One-year treatment outcomes of secukinumab versus tumor necrosis factor inhibitors in Spondyloarthritis: Results From Five Nordic Biologic Registries Including More Than 10,000 Treatment Courses

Bente Glintborg*, Ulf Lindstrom, Daniela De Giuseppe, Sella Aarrestad Provan, Bjorn Gudbjornsson, Merete Lund Hetland, Brigitte Michelsen, Johan Wallman, Kalle Aaltonen, Anna-Mari Hokkanen, Dan Nordström, Tanja Schjødt Jørgensen, Rebekka Lund Hansen, Arni Jon Geirsson, Kathrine Grøn, Niels Steen Krogh, Johan Askling, Lars Erik Kristensen, Lennart Jacobsson, DANBIO (Denmark), ARTIS/SRQ (Sweden), ICEBIO (Iceland), ROB-FIN (Finland), NOR-DMARD (Norway) registries

*Corresponding author for this work

Abstract

OBJECTIVE: To describe baseline characteristics and to compare treatment effectiveness of secukinumab versus tumor necrosis factor inhibitors (TNFi) in patients with spondyloarthritis (SpA) using adalimumab as the main comparator.

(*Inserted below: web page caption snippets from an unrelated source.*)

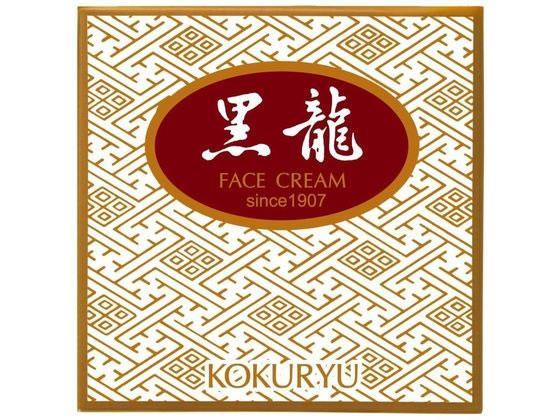 黒龍堂 黒龍堂 薬効クリーム 黒龍金線 70g[代引不可]【仕入先直送品Ａ】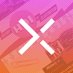 MCAD Online Learning (@mcadonline) Twitter profile photo MCAD Online Learning (@mcadonline) Twitter profile photo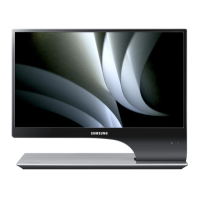 Preview: Samsung SyncMaster S23A950D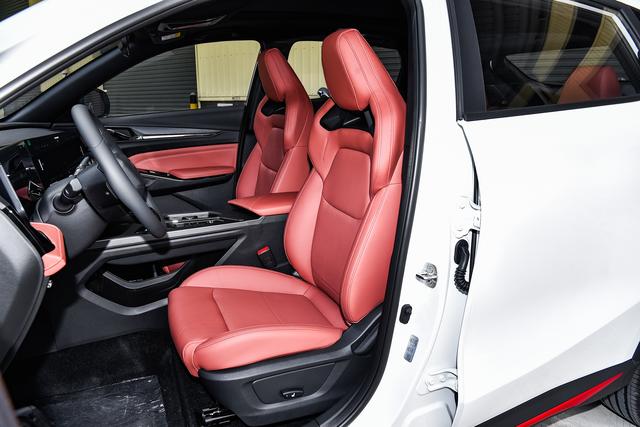 新车 | 指导价6.99万元起/限时5.99万元起，2026款长安X5 PLUS上市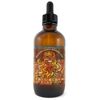 Fall Blend Beard Oil - A Fall Forest Inspired Scent (4oz)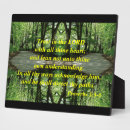 Recherche de proverbe plaques Écriture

METHODS: This was an observational, prospective cohort study. Patients with SpA (clinical ankylosing spondylitis, nonradiographic axial SpA, or undifferentiated SpA) starting secukinumab or a TNFi during 2015-2018 were identified from 5 Nordic clinical rheumatology registries. Data on comorbidities and extraarticular manifestations (psoriasis, uveitis, and inflammatory bowel disease) were captured from national registries (data available in 94% of patients) and included in multivariable analyses. We assessed 1-year treatment retention (crude survival curves, adjusted hazard ratios [HR adj ] for treatment discontinuation) and 6-month response rates (Ankylosing Spondylitis Disease Activity Score [ASDAS] score <2.1, Bath Ankylosing Spondylitis Disease Activity Index [BASDAI] <40 mm, crude/LUNDEX-adjusted, adjusted logistic regression analyses with odds ratios [ORs]) stratified by line of biologic treatment (first, second, and third plus).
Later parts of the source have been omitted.